Washington played key role in snowboarding’s explosion

Exhibit documents state’s crucial place in sport

By Gregory Scruggs, The Seattle Times
Published: December 7, 2022, 6:05am

SEATTLE — On a fateful Sunday in February 1980, Burien teenager Mike Olson and a friend gingerly approached Dave Moffett, the president of Ski Acres (now known as Summit Central), and asked for permission to ride up the Bonanza chairlift toting snowboards they had made in junior high shop class.

Moffet sized up the teens, who he knew through the ski school program, and called the lift operator. “I’ve got a couple crazy dudes with these surfboard-looking things, just let ’em up,” he said over the radio, then turned back to the aspiring snowboarders with a caveat: “Let’s see how it goes today.”

It went well, at least well enough that permission to snowboard wasn’t revoked, and with that simple radio call, The Summit at Snoqualmie, as it is now known, likely became the first ski area in North America, and possibly the world, to allow snowboarding. Not that the sport’s official histories acknowledge Washington’s groundbreaking role in the once-renegade, now mainstream snow sport. Most snowboarding legends begin in Vermont, where Jake Burton started what became a global brand, or in Southern California with Tom Sims’ namesake rival company.

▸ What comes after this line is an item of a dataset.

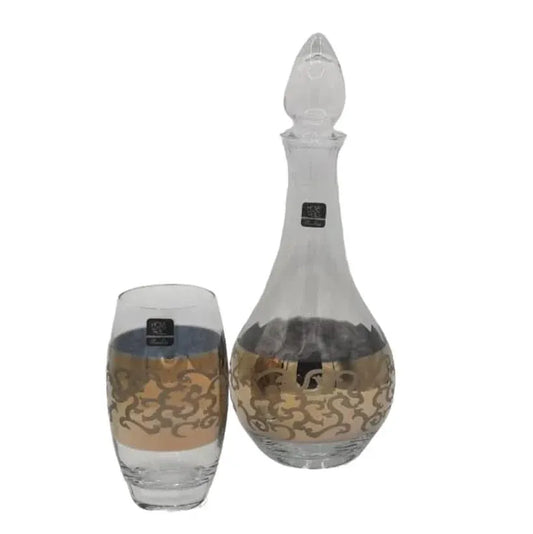 Best Stylish Barrel Golden Carafe Set 7Pc (Glass)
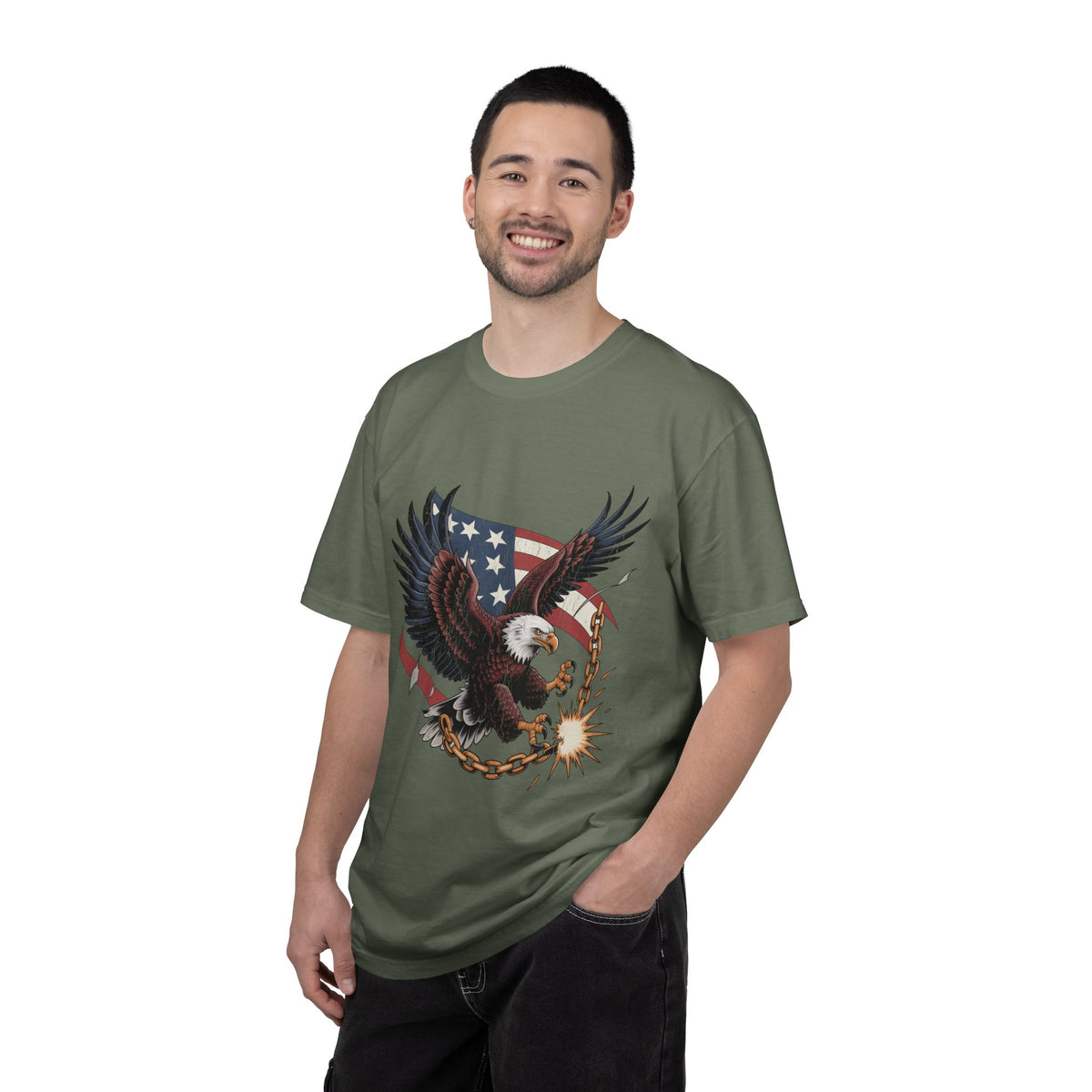 Patriotic Eagle Shirt, American Flag T Shirt, Bald Eagle Military Tee, Veteran Gift, USA Graphic Shirt, Fourth of July Patriotic Top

Olson and his ilk were a decade behind those pioneers. “We were the youngsters, but this is also a birthplace of snowboarding,” said Olson, co-founder of snowboard maker Mervin Manufacturing, in November during the grand opening of the permanent exhibit on snowboarding at the Washington State Ski and Snowboard Museum in Snoqualmie Pass. Featuring a small assortment of artifacts and a four-minute-long video with archival footage, the new exhibit makes a strong case for the Evergreen State’s pivotal contributions to the sport.

While snowboarders fought for the right to ride chairlifts in other parts of the country — to this day, snowboards are not allowed at Utah’s Alta and Deer Valley as well as Vermont’s Mad River Glen — Washington ski areas took an enlightened approach.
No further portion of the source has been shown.